Titolo: La terra del Sacerdote
Editore: Neri Pozza
Presentazione di Valeria Parrella, Romana Petri
Una ragazza corre nella campagna buia più veloce che può, senza voltarsi indietro. È finalmente riuscita a scappare dalla gabbia in cui la sua aguzzina la teneva prigioniera. La ragazza si accascia, urla e partorisce, ma a quell’urlo di dolore non segue alcun pianto che annunci la vita. Lascia il bambino morto sotto un albero e prosegue fino a un fienile. La ragazza non lo sa ma la terra su cui sta cercando rifugio è conosciuta da tutti come “la terra del Sacerdote”. Agapito è un uomo burbero e solitario, arido e secco come la sua terra, violento e duro. Tanti anni prima aveva provato a fuggire la povertà della sua terra, il Molise, emigrando in Germania; lì era divenuto sacerdote ma ormai di quel saio e della promessa fatta prendendo i voti è rimasto solo un soprannome. Dalla Germania è tornato con un segreto troppo grande e ha barattato il suo silenzio con la terra su cui vive. Quando Agapito scopre la ragazza nascosta nel fienile si trova di colpo al centro di un affare molto più grande di lui; la ragazza è un’immigrata clandestina, portata con l’inganno dall’Est dell’Europa e costretta a ripagare il passaggio in Italia in modo disumano: rinchiusa come un animale in gabbia e utilizzata per partorire figli da destinare all’adozione o al traffico d’organi. Agapito decide di non mandarla via ma di subentrare ai precedenti “carcerieri” mettendo a disposizione della malavita la sua casa e la sua proprietà come “allevamento” per questa e altre ragazze.

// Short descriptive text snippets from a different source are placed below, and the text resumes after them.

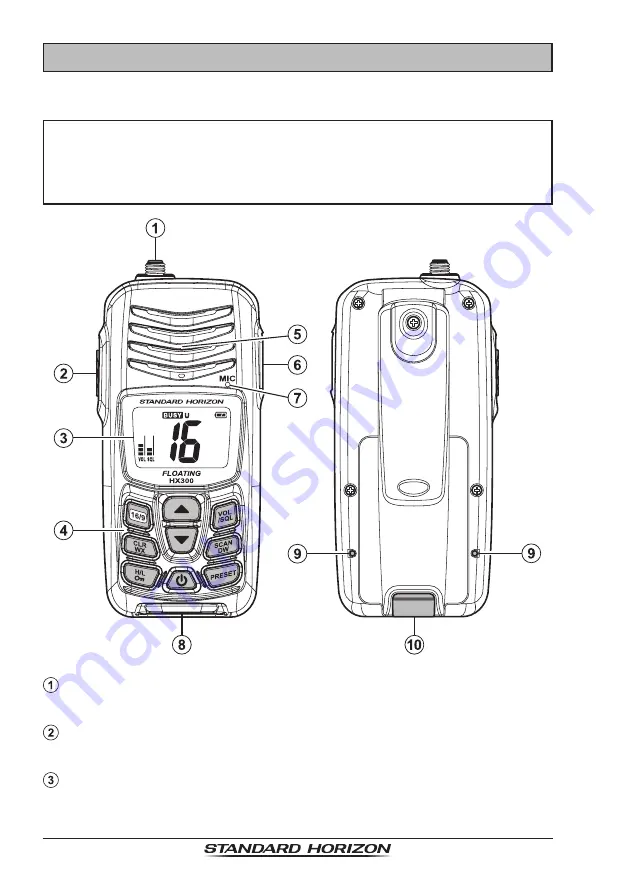 Standard Horizon HX300 Скачать руководство пользователя страница 18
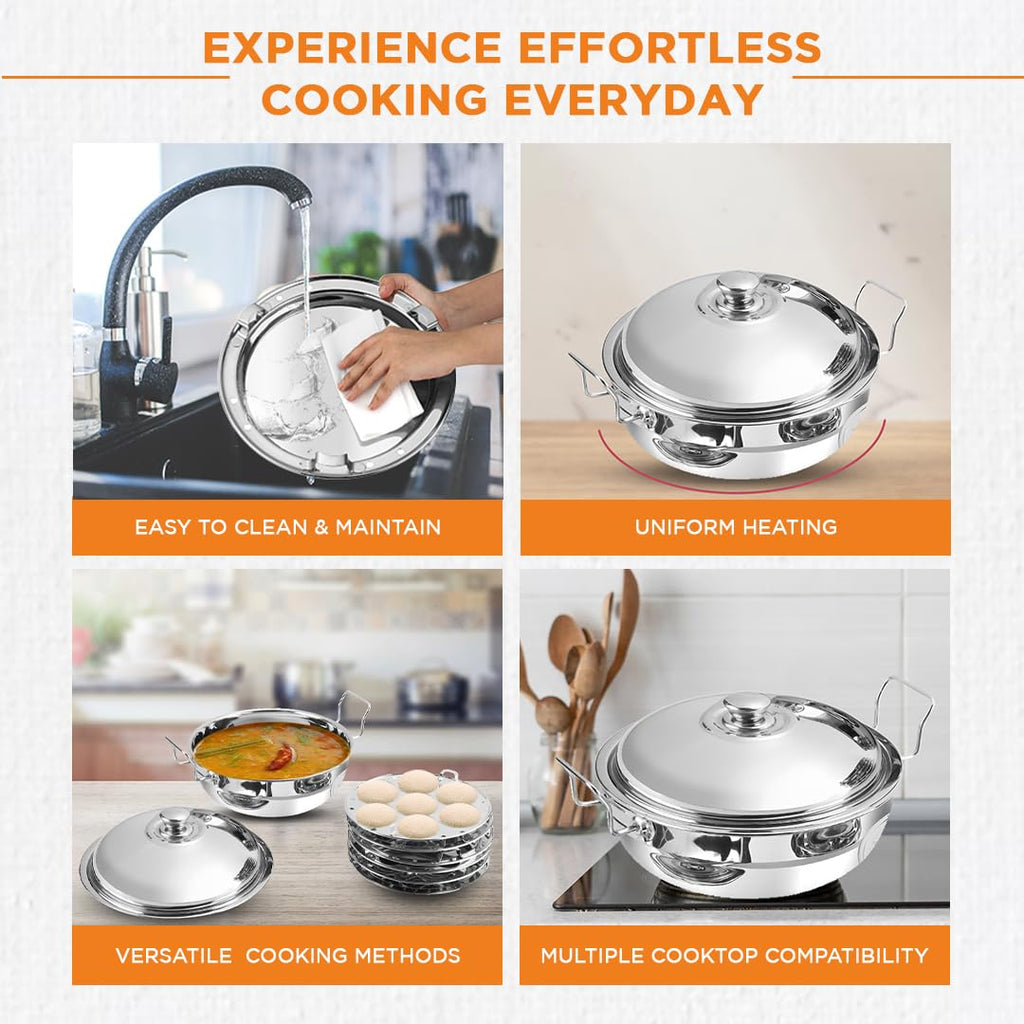 Kraft Stainless Steel Multi Kadai/Idli Maker | 5 L, 28 cm, 6 Plates | 2 Idli, 2 Dhokla, 1 Patra & Mini Idli | Induction & Gas Compatible Momo/Modak Pot | 6 in 1 Multipurpose steamer for cooking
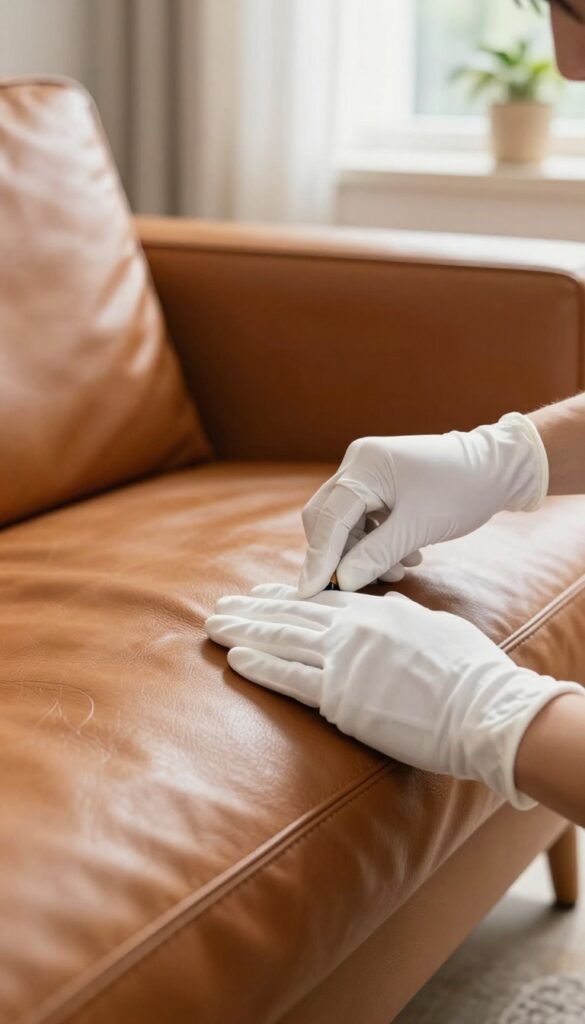 Professional leather restoration specialist conditioning a high-end leather couch in a bright living room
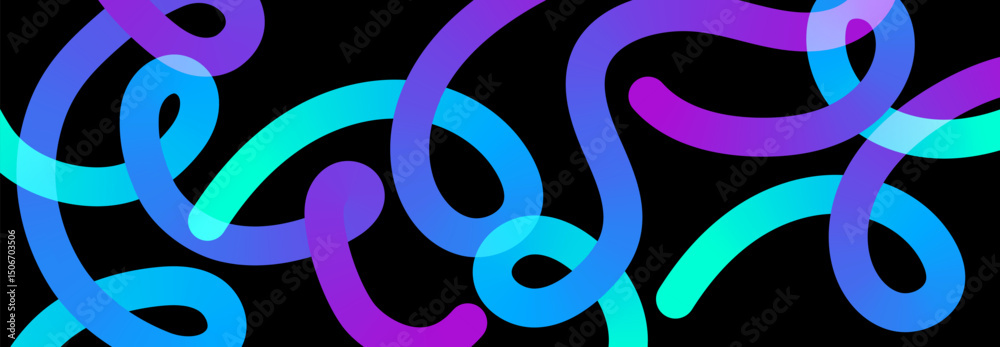 Poster colorful gradient twisted lines abstract dark background. creative vector bright ribbons pattern for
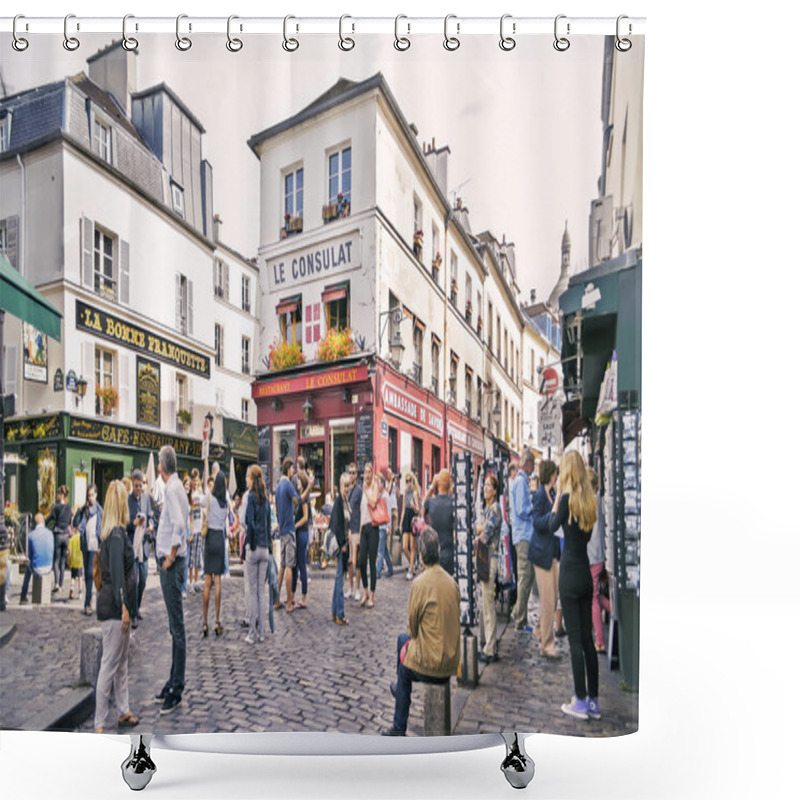 Personality  View Of Typical Paris Cafe On September 08, 2013 In Paris Shower Curtains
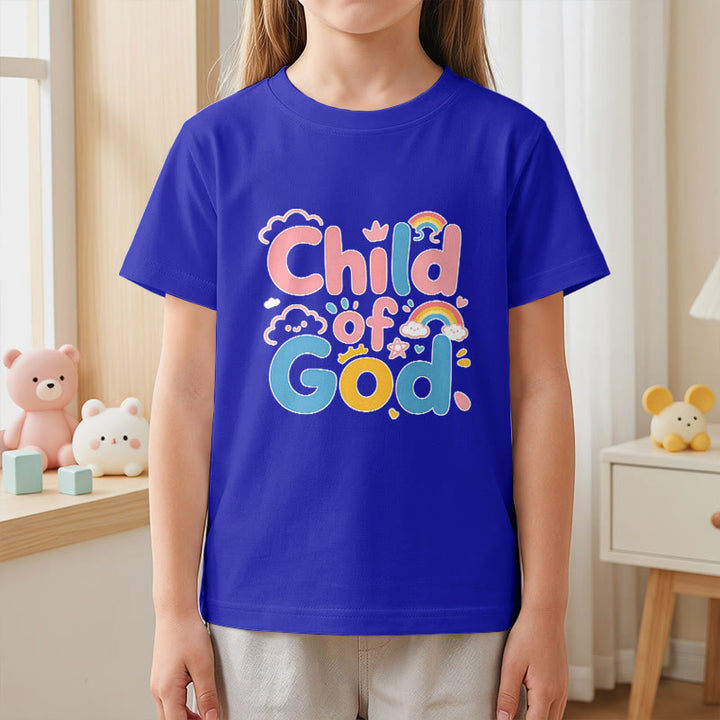 Christianartworkshop Uplifting Child of God Rainbow Accent Kids T-Shirt - image 2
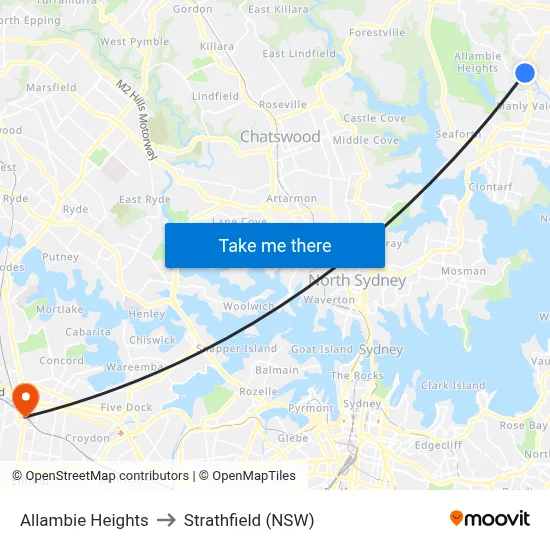 Allambie Heights to Strathfield (NSW) map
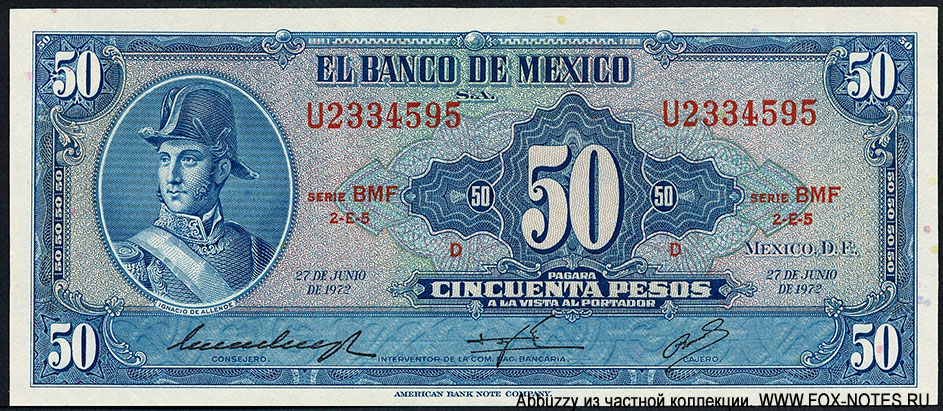 Billete Banco de México 50 pesos 27 DE JUNIO DE 1972. SERIE BMF.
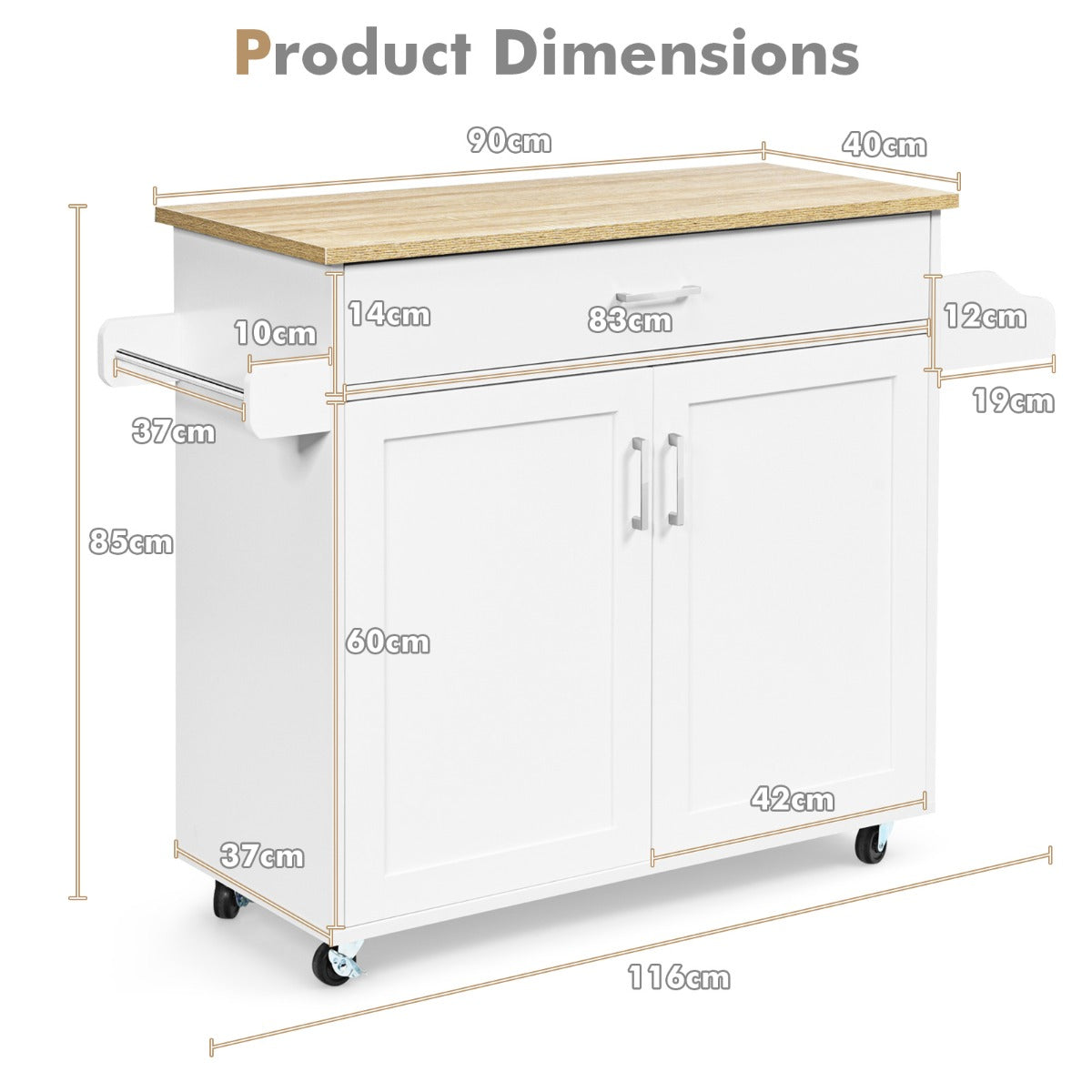 Rolling Kitchen Island with Adjustable Shelf and Large Drawer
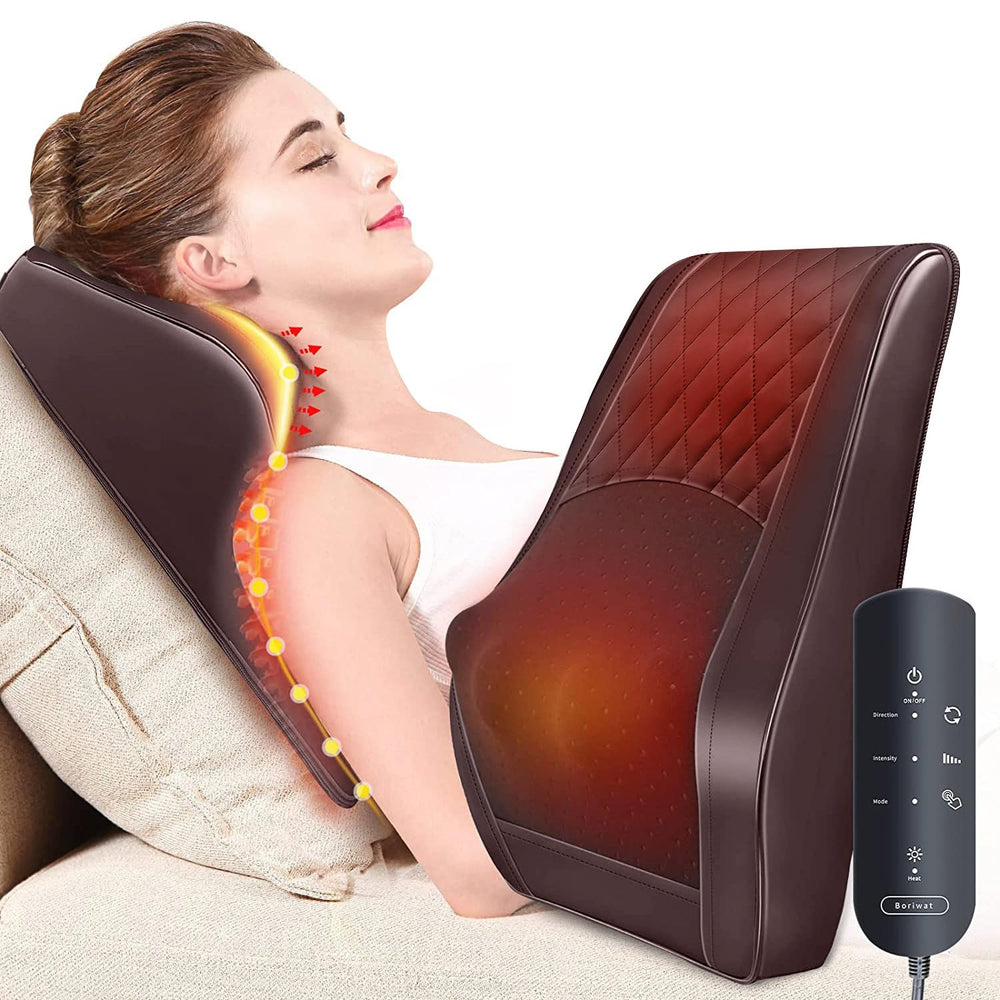 Boriwat back massager heat pillow top view for full neck and back comfort at home.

Credo che questo romanzo di Piccirillo debba essere letto da tutti gli amici del Premio Strega, perché compie due cose: la prima è il radicamento al suolo, al territorio, la terra del titolo, che è una cosa sempre da apprezzarsi nelle nuove generazioni di scrittori che si affacciano, e a maggior ragione quando questa terra è il sud Italia. Il secondo movimento è una proiezione verso il futuro, verso i dolori del mondo, verso i migranti e i reietti, ottenuto rarefacendo i dettagli, come impiantando la storia del pastore e della donna in un nohow da fine del mondo, da fantascienza. L’unione delle due cose mi pare inauguri una strada nuova per la letteratura italiana.
Valeria Parrella
Presento volentieri al Premio Strega 2014 il libro di Paolo Piccirillo, “La terra del sacerdote”, perché mi è parso un romanzo davvero sorprendente. A una trama molto ben giocata si aggiunge un linguaggio maturo, compiuto, fatto di semplicità e complessità calibrate con vero talento. Senza mai cedere al compromesso del “giovanilismo”, l’autore, giovanissimo, ha scritto un romanzo-romanzo, di autentica e visibile narrativa. I temi funesti di un presente scabroso sono i temi eterni, quelli che circolano all’interno di ogni grande narrazione. In questo romanzo, dominato da un male imprescindibile per l’uomo, Piccirillo fa nascere il suo mondo dalla colpa e dalla morte. Il suo non è un Paradiso Perduto, ma un Paradiso che l’uomo non ha mai conosciuto e che dunque non può nemmeno rimpiangere, semmai sognare un giorno di costruire per la prima volta sulle proprie antiche e rovinose sconfitte di peccatore. Se c’è bontà, in questo romanzo nasce solo dalla consapevolezza del male, della fede perduta, dal prezzo che bisogna pagare.
Una sorta di predestinazione determina, infatti, le azioni dei personaggi, tanto nella loro inevitabile rovina quanto nel loro ambiguo desiderio di salvezza. Un’opera davvero unica nel panorama della narrativa italiana.